The judges also homed in on the fact that the no-comingling rule was technically optional and that 71 percent of MLSs had adopted it. The question is central to REX’s argument on appeal.
Ungaro argued that, in effect, the rule wasn’t optional. Instead, she said, it represented a concerted action by NAR and MLS participants like Zillow to restrain trade.
“Our position on the optional label that NAR attached to the rule is that it’s a red herring. The real issue is concerted action,” Ungaro said. “For nearly a century, the United States Supreme Court has looked past optional labels.”
“It’s optional at one level. At the next level, it’s not optional; it’s mandatory. If the MLS adopts it, they have to impose it on the participants. If the participants violate the rule, then they’re subject to sanctions,” she said. “Importantly, for Zillow’s purposes, one of the sanctions would have been potentially the loss of the IDX feeds.”
Ungaro noted that NAR dictated that the no-comingling rule couldn’t be altered if adopted.
Zillow and NAR respond
For its part, Zillow worked to keep the focus on its compliance with the rule as simply an update to its website.
Steve Engel, an attorney for Zillow, suggested REX was attempting to shift its argument after several previous court losses, and he shed light on an apparent compromise he said Zillow crafted for REX before REX sued Zillow.
Both Zillow and NAR worked to argue that there was no agreement between Zillow and NAR.

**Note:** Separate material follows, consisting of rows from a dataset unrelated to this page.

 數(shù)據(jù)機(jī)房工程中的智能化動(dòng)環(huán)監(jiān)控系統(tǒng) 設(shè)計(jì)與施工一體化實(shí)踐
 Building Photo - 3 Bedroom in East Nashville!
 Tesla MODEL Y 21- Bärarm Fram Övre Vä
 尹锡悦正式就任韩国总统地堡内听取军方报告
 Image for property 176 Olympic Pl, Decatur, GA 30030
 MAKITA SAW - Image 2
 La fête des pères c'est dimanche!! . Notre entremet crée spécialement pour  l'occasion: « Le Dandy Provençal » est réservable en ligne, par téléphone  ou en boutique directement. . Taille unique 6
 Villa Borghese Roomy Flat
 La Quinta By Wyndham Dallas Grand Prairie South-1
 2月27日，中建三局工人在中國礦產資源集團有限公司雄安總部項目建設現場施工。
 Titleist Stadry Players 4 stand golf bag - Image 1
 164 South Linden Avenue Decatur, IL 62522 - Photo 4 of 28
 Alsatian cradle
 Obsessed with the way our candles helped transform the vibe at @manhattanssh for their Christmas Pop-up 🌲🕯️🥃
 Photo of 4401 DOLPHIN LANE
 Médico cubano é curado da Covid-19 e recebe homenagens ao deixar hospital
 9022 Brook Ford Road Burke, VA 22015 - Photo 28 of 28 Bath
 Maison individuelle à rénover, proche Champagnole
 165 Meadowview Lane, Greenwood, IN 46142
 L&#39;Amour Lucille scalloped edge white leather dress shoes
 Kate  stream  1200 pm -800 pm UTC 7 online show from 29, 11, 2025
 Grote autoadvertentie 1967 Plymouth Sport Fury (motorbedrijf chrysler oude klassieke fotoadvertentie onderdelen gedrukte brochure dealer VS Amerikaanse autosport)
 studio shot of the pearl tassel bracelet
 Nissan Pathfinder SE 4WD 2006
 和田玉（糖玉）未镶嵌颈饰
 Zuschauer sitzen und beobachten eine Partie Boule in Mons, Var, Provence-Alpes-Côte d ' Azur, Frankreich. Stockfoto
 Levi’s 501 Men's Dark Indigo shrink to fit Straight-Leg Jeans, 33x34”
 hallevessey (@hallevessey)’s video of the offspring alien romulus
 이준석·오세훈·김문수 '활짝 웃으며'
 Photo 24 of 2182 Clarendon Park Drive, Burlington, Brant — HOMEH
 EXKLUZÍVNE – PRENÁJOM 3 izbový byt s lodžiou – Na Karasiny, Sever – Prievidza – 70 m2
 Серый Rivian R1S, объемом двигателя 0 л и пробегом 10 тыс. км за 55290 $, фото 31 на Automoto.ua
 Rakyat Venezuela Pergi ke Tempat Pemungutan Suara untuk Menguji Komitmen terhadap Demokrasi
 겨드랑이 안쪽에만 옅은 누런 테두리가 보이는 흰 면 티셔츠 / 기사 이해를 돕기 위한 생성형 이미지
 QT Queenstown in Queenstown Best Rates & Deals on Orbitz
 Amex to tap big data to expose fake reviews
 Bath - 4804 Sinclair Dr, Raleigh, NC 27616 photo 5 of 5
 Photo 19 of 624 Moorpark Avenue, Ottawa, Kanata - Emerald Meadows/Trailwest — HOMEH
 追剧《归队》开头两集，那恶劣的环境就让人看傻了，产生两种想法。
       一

“The reason why the district court thought the optionality of the no-comingling rule was relevant was because REX argued a direct conspiracy and an agreement between NAR and Zillow,” Engel said. “It’s certainly relevant in deciding whether NAR and Zillow — which have no agreements between the two of them — it’s certainly relevant to think that all NAR apparently has done is propose an optional rule 20 years ago that some others have followed.”
Engel suggested there was a kind of hierarchy of NAR rules, and that the no-comingling rule is the lowest tier.
“NAR has mandatory rules. NAR has recommended rules. And then NAR has optional rules,” he argued. “This is the lowest category of moral suasion or any kind of suasion that NAR does.”
Before updating its business model in 2021, Zillow reported hosting an estimated 98 percent of all listings. But it noted it had big gaps in some markets, where as many as 30 percent to 35 percent of listings were missing before it moved to the IDX feed model.
Engel said Zillow created the framework of what he called a “workaround” of the rule that would have allowed REX listings to appear on the main site in exchange for $1 per listing.
“Before Zillow was able to present this to REX, REX sued,” Engel said, “and so here we are.”
DOJ weighs in
The arguments also included an appearance by the Department of Justice, which previously submitted an amicus brief in the case in June in support of neither party. The DOJ didn’t take an overt position in the case’s ultimate outcome, but it is asking the court to rule in REX’s favor and to send the case back to district court.
Alice A. Wang, counsel to the assistant attorney general at the DOJ’s Antitrust Division, zeroed in on the question of optionality and said the district court failed to consider two of three key points.
“An optional rule could be mandatory in practice,” Wang said, laying out the first point. “Second, the adoption of an optional rule can itself be concerted action.”
“And third, an optional rule can serve as an invitation for others to join in a common plan,” Wang added.
She said the district court looked at the first point, but not the second or third, and she asked the judges to rule in REX’s favor.